Los inconvenientes al diseñar un sistema tributario justo y eficiente
Simplificación y cumplimiento tributario
En todas las economías, la política tributaria se rige por principios básicos que buscan conciliar dos objetivos que no siempre resultan fáciles de armonizar: recaudar los recursos necesarios para financiar al Estado y distribuir la carga tributaria de manera equitativa, sin desalentar la inversión, el empleo, el ahorro y la producción. Por ello, todo sistema impositivo tiene fortalezas y debilidades que requieren revisiones periódicas.
Existe, además, una vieja máxima según la cual “un impuesto viejo es un impuesto bueno”, en el sentido de que los tributos con una larga trayectoria suelen contar con mecanismos de administración y cumplimiento ya conocidos por los contribuyentes. Sin embargo, la antigüedad de un impuesto no constituye por sí misma una garantía de eficiencia o justicia. Lo importante es determinar si la figura tributaria continúa siendo compatible con la estructura económica y social del país.

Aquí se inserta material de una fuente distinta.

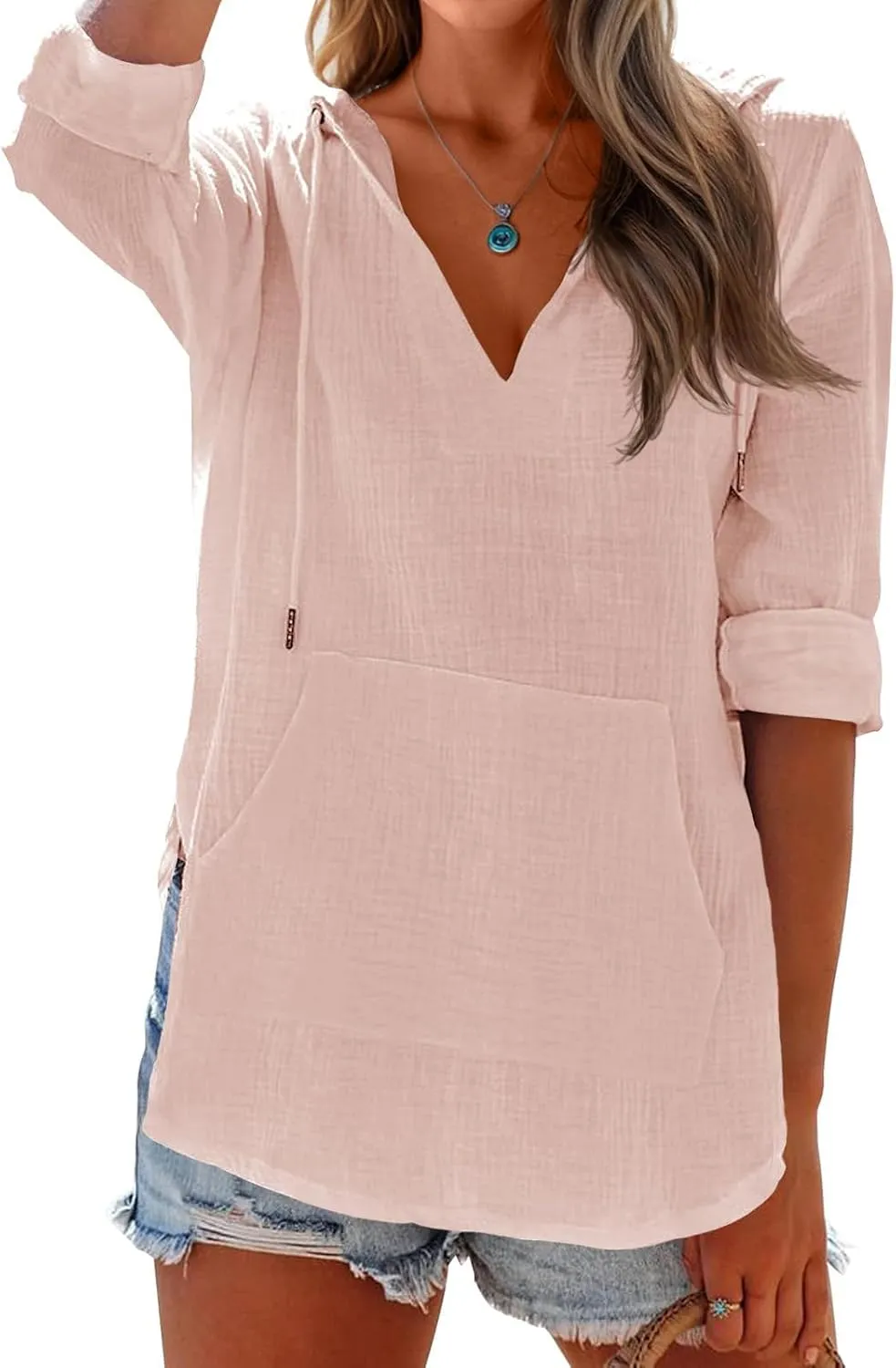 Women's Beach Cover Up Long Sleeve V Neck Linen Tops Pocketed Hooded Shirt Lightweight Summer Blouse Hoodies Sweatshirt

En la República Dominicana, esta discusión adquiere especial relevancia después de la aprobación de la Ley núm. 30-26, sobre Medidas Pro-Crecimiento Económico, Simplificación Fiscal y Mitigación de la Crisis Internacional, promulgada el 18 de junio de 2026. La legislación modifica diversos artículos del Código Tributario, introduce cambios en el Impuesto sobre la Renta, las retenciones, los anticipos, determinados impuestos patrimoniales y otras obligaciones fiscales. (Presidencia de la República Dominicana)
La estructura tributaria dominicana
La composición de los ingresos tributarios muestra una elevada dependencia de los impuestos indirectos y de los gravámenes sobre el consumo. El ITBIS constituye una de las principales fuentes de ingresos de la Dirección General de Impuestos Internos (DGII), mientras que el Impuesto sobre la Renta de las empresas y de las personas físicas constituye el principal instrumento para introducir progresividad en el sistema.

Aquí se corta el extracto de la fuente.